*Provided entries*

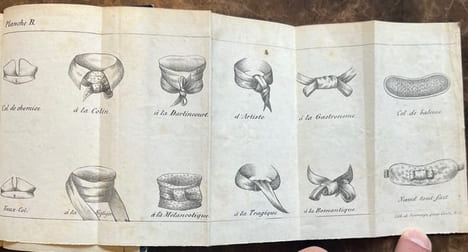 L'Art de mettre sa cravate de mille et une manière enseigné par principes, précédé de l'histoire de la cravate, depuis son origine jusqu'à ce jour ; ...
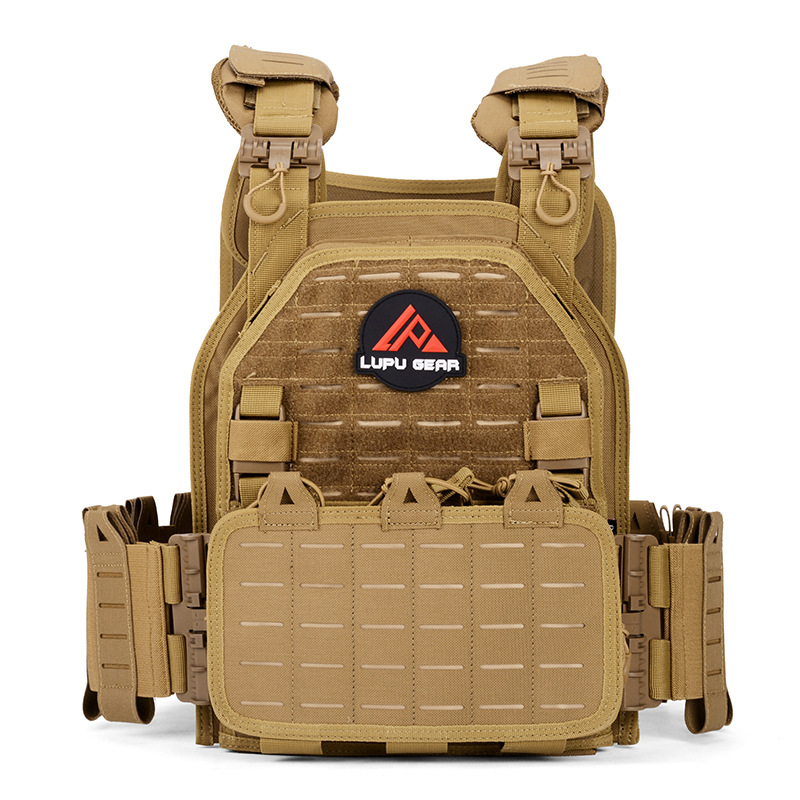 Transfronteriza personalizada placa enchufable chaleco de combate láser multifuncional expansión rápida chaleco táctico de desmontaje militar traje de protección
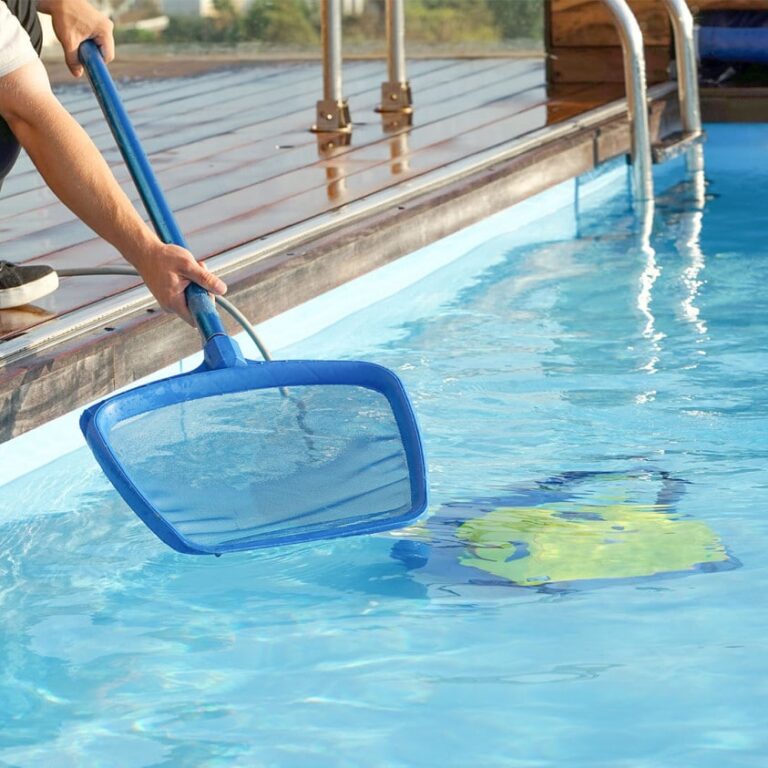 limpeza da piscina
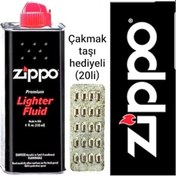 Resim Zippo Çakmak Benzini 125Ml + Çakmak Taşı 20'Li 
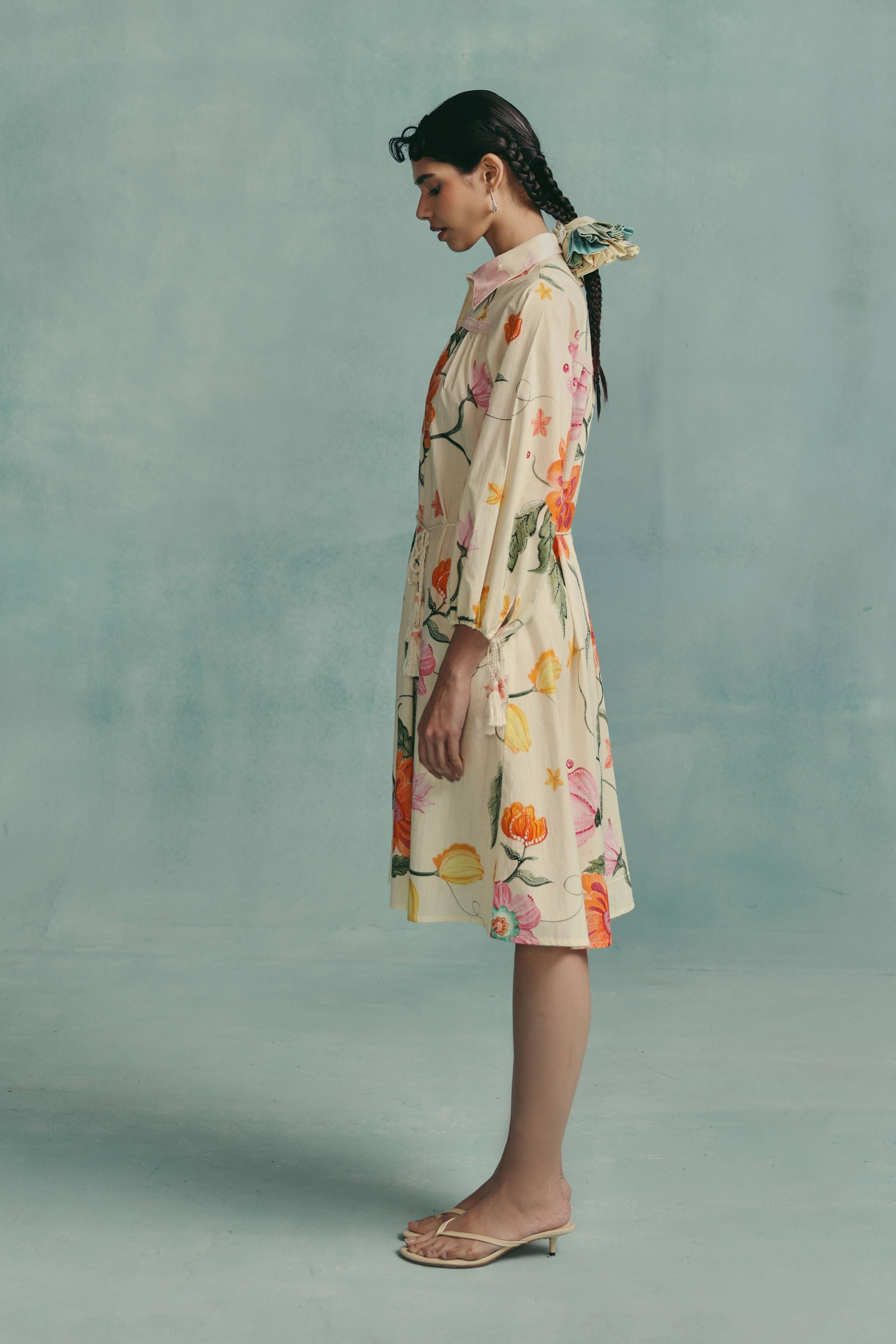 Dahlia Shirt Dress Ecru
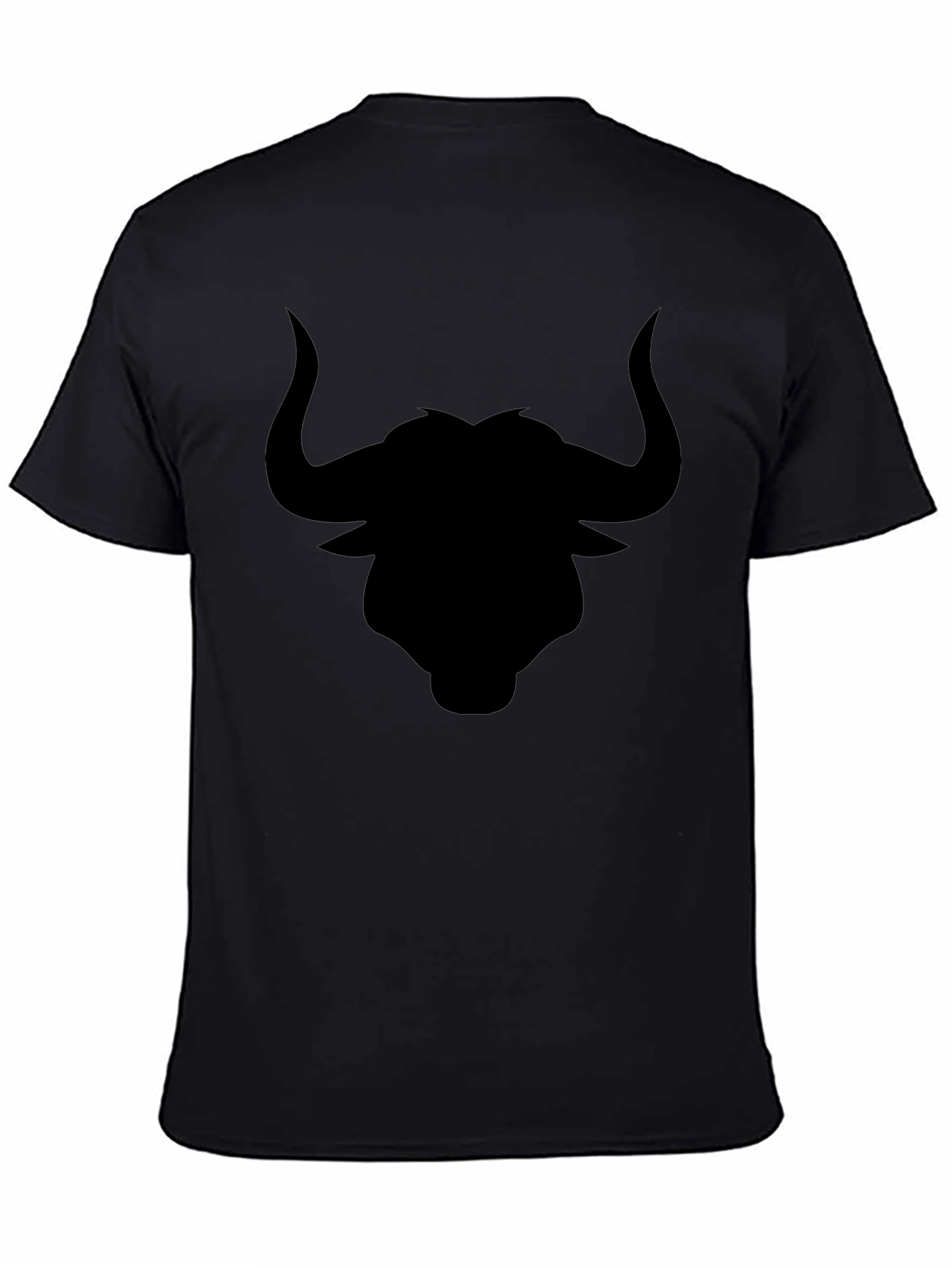 Black Bull Graphic Tee - Bold Statement Shirt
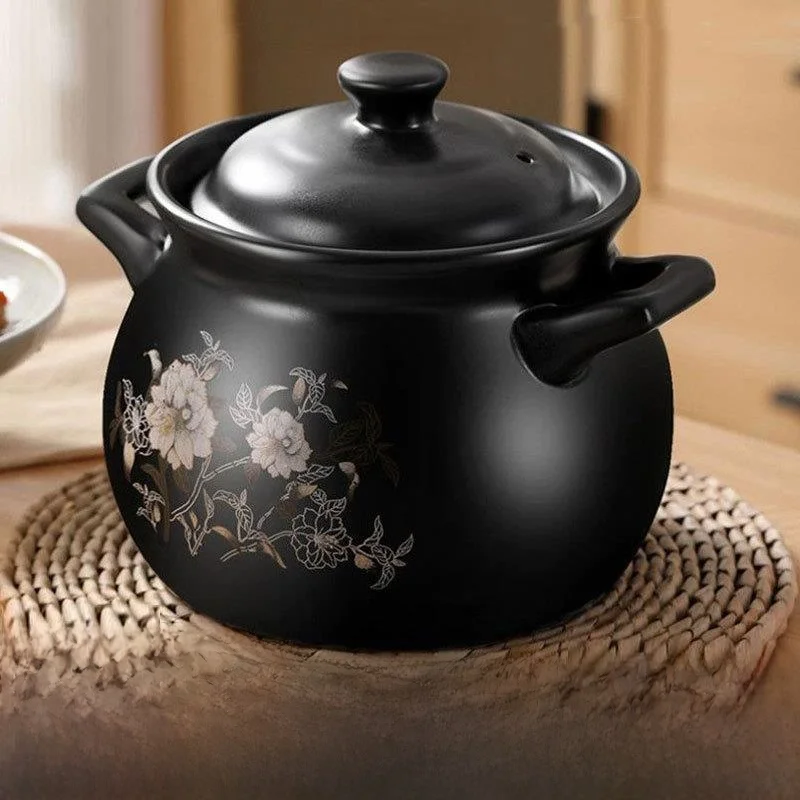 Home Use Ceramic Sand Pot Large Capacity Health Soup Cooking Pot High Temperature Resistant Slow Cooker Uncoated Big Terracot...
Home Use Ceramic Sand Pot Large Capacity Health Soup Cooking Pot High Temperature Resistant Slow Cooker Uncoated Big Terracot...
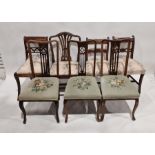 Three Edwardian dining chairs and five other assorted chairs (8)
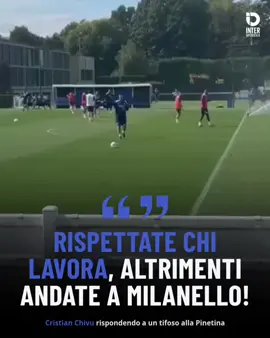 CRISTIAN CHIVU DURO CONTRO UN TIFOSO ALLA PINETINA‼️😳 🗣️ Durante l'allenamento alla vigilia del Cagliari, a un gol di Lautaro è seguito un commento di un tifoso che ha urlato:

*Task brief*
Type the material out again exactly. Skip the pictures.

*Response*
 L'Art de mettre sa cravate de mille et une manière enseigné par principes, précédé de l'histoire de la cravate, depuis son origine jusqu'à ce jour ; ...
 Transfronteriza personalizada placa enchufable chaleco de combate láser multifuncional expansión rápida chaleco táctico de desmontaje militar traje de protección
 limpeza da piscina
 Resim Zippo Çakmak Benzini 125Ml + Çakmak Taşı 20'Li 
 Dahlia Shirt Dress Ecru
 Black Bull Graphic Tee - Bold Statement Shirt
 Home Use Ceramic Sand Pot Large Capacity Health Soup Cooking Pot High Temperature Resistant Slow Cooker Uncoated Big Terracot...
Home Use Ceramic Sand Pot Large Capacity Health Soup Cooking Pot High Temperature Resistant Slow Cooker Uncoated Big Terracot...
 Three Edwardian dining chairs and five other assorted chairs (8)
 CRISTIAN CHIVU DURO CONTRO UN TIFOSO ALLA PINETINA‼️😳 🗣️ Durante l'allenamento alla vigilia del Cagliari, a un gol di Lautaro è seguito un commento di un tifoso che ha urlato:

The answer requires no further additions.